Visser Esther, Genet Sylvia A A M, de Kock Remco P P A, van den Borne Ben E E M, Youssef-El Soud Maggy, Belderbos Huub N A, Stege Gerben, de Saegher Marleen E A, van 't Westeinde Susan C, Brunsveld Luc, Broeren Maarten A C, van de Kerkhof Daan, Deiman Birgit A L M, Eduati Federica, Scharnhorst Volkher
Department of Biomedical Engineering, Eindhoven University of Technology, Eindhoven, the Netherlands; Catharina Hospital Eindhoven, Eindhoven, the Netherlands; Máxima Medical Center, Eindhoven/Veldhoven, the Netherlands; Expert Center Clinical Chemistry Eindhoven, Eindhoven, the Netherlands.
Department of Biomedical Engineering, Eindhoven University of Technology, Eindhoven, the Netherlands; Catharina Hospital Eindhoven, Eindhoven, the Netherlands; Expert Center Clinical Chemistry Eindhoven, Eindhoven, the Netherlands; Institute for Complex Molecular Systems, Eindhoven University of Technology, Eindhoven, the Netherlands.
Lung Cancer. 2023 Apr;178:28-36. doi: 10.1016/j.lungcan.2023.01.014. Epub 2023 Feb 1.
Pathologic subtyping of tissue biopsies is the gold standard for the diagnosis of lung cancer (LC), which could be complicated in cases of e.g. inconclusive tissue biopsies or unreachable tumors. The diagnosis of LC could be supported in a minimally invasive manner using protein tumor markers (TMs) and circulating tumor DNA (ctDNA) measured in liquid biopsies (LBx). This study evaluates the performance of LBx-based decision-support algorithms for the diagnosis of LC and subtyping into small- and non-small-cell lung cancer (SCLC and NSCLC) aiming to directly impact clinical practice.

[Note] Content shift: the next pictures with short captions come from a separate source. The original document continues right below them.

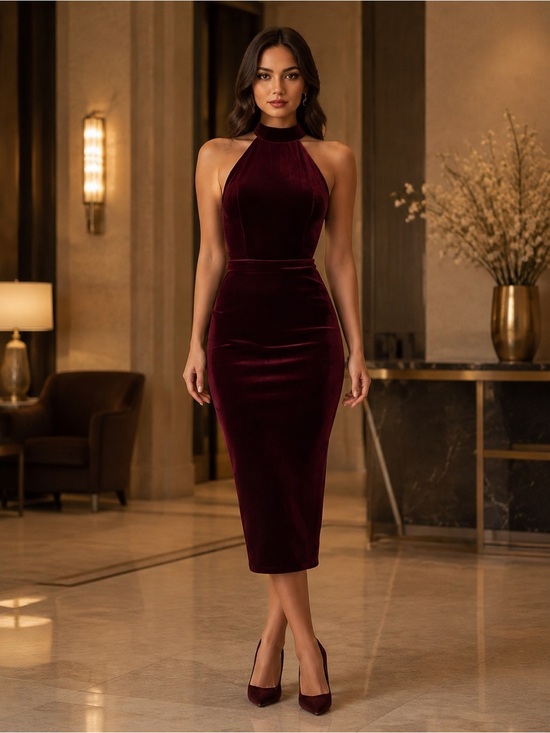 Pretty Woman Boutique Dresses & Skirts - Burgundy Velour Halter Neck Bodycon Midi Dress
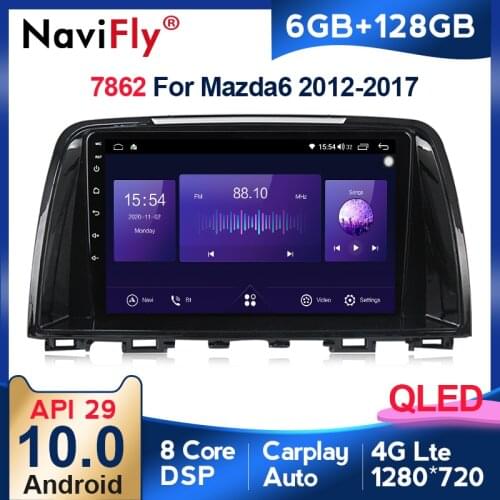 6G +128G QLED 4G LTE RDS Carplay Android 10 For Mazda 6 3 GL GJ 2012-2017 car stereo auto audio GPS Navigation screen multimedia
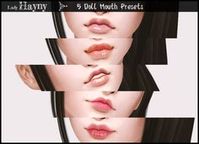 ladyhayny:“ 5 Doll Mouth presetsFirst cc in almost 2 years~I’ve been very excited to make thisI tried to make many different presets to give a bjd look to lips!(Presets are awesome)(Please tell me if the thumbnail doesn’t work)Download here”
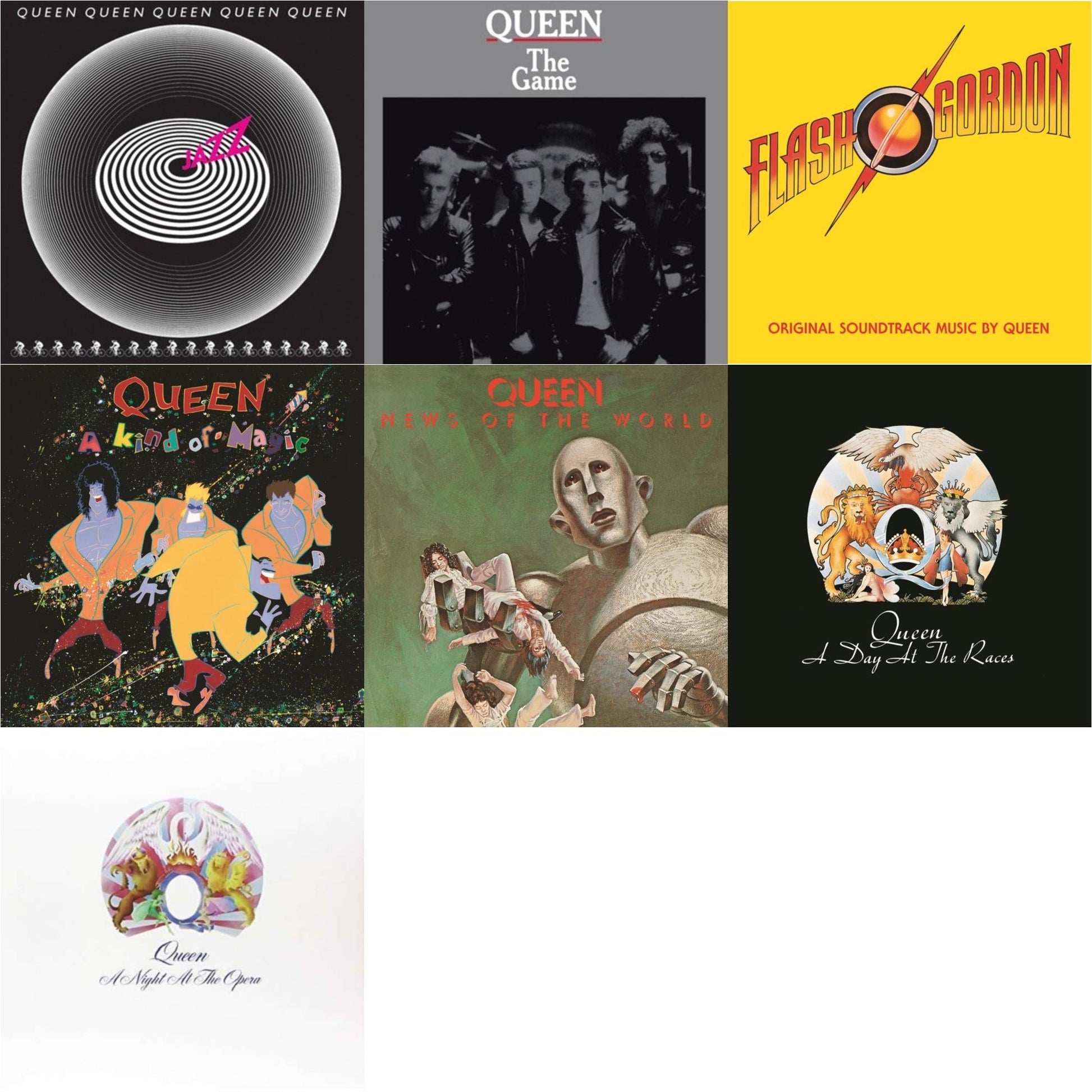 This is a 7 LP Vinyl SKU bundle.
1.This LP Vinyl is brand new.Format: LP VinylMusic Style: Hard RockThis item's title is: JazzArtist: QueenLabel: HOLLYWOOD RECORDSBarcode: 050087400279Release Date: 11/9/2018
2.This LP Vinyl is brand new.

In this multicenter prospective study (NL9146), eight protein TMs (CA125, CA15.3, CEA, CYFRA 21-1, HE4, NSE, proGRP and SCCA) and ctDNA mutations in EGFR, KRAS and BRAF were analyzed in blood of 1096 patients suspected of LC. The performance of individual and combined TMs to identify LC, NSCLC or SCLC was established by evaluating logistic regression models at pre-specified positive predictive values (PPV) of ≥95% or ≥98%. The most informative protein TMs included in the multi-parametric models were selected by recursive feature elimination.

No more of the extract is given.